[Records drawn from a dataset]
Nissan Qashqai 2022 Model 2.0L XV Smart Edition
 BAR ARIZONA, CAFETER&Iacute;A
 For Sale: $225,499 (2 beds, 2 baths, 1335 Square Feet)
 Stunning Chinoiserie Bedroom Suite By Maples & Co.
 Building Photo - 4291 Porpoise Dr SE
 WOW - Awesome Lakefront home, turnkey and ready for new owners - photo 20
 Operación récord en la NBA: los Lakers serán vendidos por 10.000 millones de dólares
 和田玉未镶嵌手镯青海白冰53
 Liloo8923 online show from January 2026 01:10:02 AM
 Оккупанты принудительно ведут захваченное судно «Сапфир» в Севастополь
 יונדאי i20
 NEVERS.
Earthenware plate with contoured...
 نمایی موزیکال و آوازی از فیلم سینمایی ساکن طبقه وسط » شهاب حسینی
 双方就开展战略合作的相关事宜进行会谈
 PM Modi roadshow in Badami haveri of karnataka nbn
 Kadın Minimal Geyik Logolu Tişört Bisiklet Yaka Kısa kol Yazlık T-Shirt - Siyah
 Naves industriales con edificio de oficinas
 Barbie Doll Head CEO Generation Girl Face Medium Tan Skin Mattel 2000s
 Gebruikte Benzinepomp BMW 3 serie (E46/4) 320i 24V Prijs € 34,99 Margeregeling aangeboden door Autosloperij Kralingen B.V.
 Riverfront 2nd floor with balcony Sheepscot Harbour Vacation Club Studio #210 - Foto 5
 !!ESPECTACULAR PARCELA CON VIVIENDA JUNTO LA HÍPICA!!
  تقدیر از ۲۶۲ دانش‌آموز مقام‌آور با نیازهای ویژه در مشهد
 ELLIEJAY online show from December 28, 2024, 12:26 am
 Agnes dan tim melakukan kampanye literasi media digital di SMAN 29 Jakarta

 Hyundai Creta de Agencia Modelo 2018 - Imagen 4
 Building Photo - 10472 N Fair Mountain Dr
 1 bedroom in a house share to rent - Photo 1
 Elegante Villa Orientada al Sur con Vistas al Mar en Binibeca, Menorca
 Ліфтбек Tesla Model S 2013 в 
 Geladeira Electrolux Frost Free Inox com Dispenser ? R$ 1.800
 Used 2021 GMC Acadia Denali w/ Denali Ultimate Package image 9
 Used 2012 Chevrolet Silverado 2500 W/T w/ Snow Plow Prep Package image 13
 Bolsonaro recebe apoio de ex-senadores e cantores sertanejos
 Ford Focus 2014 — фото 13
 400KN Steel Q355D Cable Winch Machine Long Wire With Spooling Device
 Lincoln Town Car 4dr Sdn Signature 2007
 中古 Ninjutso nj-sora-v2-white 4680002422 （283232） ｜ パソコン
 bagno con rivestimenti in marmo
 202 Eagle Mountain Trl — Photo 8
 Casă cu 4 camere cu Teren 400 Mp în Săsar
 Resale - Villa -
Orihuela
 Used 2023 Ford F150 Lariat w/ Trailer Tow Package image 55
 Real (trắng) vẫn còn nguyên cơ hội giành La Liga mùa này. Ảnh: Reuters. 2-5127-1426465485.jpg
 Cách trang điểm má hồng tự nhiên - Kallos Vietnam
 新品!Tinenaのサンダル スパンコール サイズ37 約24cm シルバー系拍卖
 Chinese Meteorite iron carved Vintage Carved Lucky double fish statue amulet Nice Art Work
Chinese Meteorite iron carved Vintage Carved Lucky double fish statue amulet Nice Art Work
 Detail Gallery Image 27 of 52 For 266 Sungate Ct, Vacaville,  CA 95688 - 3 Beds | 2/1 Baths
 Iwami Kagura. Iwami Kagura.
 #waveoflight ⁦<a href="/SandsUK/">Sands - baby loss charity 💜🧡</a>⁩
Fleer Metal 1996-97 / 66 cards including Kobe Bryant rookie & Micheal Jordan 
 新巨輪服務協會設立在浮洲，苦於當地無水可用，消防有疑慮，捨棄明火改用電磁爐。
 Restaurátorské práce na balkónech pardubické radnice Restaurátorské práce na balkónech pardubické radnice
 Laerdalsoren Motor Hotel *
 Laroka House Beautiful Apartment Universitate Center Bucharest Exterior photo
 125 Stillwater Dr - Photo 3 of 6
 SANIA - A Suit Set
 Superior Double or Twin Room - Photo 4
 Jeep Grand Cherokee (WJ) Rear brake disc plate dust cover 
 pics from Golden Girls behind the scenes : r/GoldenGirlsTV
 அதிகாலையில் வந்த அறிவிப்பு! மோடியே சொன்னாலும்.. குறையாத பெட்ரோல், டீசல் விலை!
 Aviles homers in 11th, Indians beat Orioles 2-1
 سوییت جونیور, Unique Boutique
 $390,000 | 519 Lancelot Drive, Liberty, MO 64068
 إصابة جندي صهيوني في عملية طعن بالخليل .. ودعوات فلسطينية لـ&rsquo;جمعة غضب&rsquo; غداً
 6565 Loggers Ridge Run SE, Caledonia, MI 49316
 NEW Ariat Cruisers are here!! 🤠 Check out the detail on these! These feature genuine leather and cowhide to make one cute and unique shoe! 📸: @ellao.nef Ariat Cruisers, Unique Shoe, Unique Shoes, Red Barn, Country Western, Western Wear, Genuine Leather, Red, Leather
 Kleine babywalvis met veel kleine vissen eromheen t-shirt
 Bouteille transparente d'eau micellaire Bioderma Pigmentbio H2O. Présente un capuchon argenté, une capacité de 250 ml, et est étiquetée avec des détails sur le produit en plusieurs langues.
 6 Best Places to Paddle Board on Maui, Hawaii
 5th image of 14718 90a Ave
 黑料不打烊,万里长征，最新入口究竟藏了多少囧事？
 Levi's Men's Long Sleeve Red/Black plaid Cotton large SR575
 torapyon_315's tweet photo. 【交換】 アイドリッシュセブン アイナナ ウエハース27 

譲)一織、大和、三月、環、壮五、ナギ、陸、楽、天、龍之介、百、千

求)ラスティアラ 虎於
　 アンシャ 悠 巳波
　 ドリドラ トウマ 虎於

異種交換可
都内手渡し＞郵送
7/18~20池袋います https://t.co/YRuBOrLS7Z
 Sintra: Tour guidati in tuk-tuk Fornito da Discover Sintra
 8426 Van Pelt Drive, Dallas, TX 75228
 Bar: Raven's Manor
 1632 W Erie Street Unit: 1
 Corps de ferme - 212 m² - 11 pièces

§ ASSIGNMENT:
The reply should consist solely of the lines above from the one that has "Оккупанты принудительно ведут" through the one that has "新品!Tinenaのサンダル スパンコール サイズ37 約24cm シルバー系拍卖", reproduced exactly.

§ THE COMPLETED TASK:
 Оккупанты принудительно ведут захваченное судно «Сапфир» в Севастополь
 יונדאי i20
 NEVERS.
Earthenware plate with contoured...
 نمایی موزیکال و آوازی از فیلم سینمایی ساکن طبقه وسط » شهاب حسینی
 双方就开展战略合作的相关事宜进行会谈
 PM Modi roadshow in Badami haveri of karnataka nbn
 Kadın Minimal Geyik Logolu Tişört Bisiklet Yaka Kısa kol Yazlık T-Shirt - Siyah
 Naves industriales con edificio de oficinas
 Barbie Doll Head CEO Generation Girl Face Medium Tan Skin Mattel 2000s
 Gebruikte Benzinepomp BMW 3 serie (E46/4) 320i 24V Prijs € 34,99 Margeregeling aangeboden door Autosloperij Kralingen B.V.
 Riverfront 2nd floor with balcony Sheepscot Harbour Vacation Club Studio #210 - Foto 5
 !!ESPECTACULAR PARCELA CON VIVIENDA JUNTO LA HÍPICA!!
  تقدیر از ۲۶۲ دانش‌آموز مقام‌آور با نیازهای ویژه در مشهد
 ELLIEJAY online show from December 28, 2024, 12:26 am
 Agnes dan tim melakukan kampanye literasi media digital di SMAN 29 Jakarta

 Hyundai Creta de Agencia Modelo 2018 - Imagen 4
 Building Photo - 10472 N Fair Mountain Dr
 1 bedroom in a house share to rent - Photo 1
 Elegante Villa Orientada al Sur con Vistas al Mar en Binibeca, Menorca
 Ліфтбек Tesla Model S 2013 в 
 Geladeira Electrolux Frost Free Inox com Dispenser ? R$ 1.800
 Used 2021 GMC Acadia Denali w/ Denali Ultimate Package image 9
 Used 2012 Chevrolet Silverado 2500 W/T w/ Snow Plow Prep Package image 13
 Bolsonaro recebe apoio de ex-senadores e cantores sertanejos
 Ford Focus 2014 — фото 13
 400KN Steel Q355D Cable Winch Machine Long Wire With Spooling Device
 Lincoln Town Car 4dr Sdn Signature 2007
 中古 Ninjutso nj-sora-v2-white 4680002422 （283232） ｜ パソコン
 bagno con rivestimenti in marmo
 202 Eagle Mountain Trl — Photo 8
 Casă cu 4 camere cu Teren 400 Mp în Săsar
 Resale - Villa -
Orihuela
 Used 2023 Ford F150 Lariat w/ Trailer Tow Package image 55
 Real (trắng) vẫn còn nguyên cơ hội giành La Liga mùa này. Ảnh: Reuters. 2-5127-1426465485.jpg
 Cách trang điểm má hồng tự nhiên - Kallos Vietnam
 新品!Tinenaのサンダル スパンコール サイズ37 約24cm シルバー系拍卖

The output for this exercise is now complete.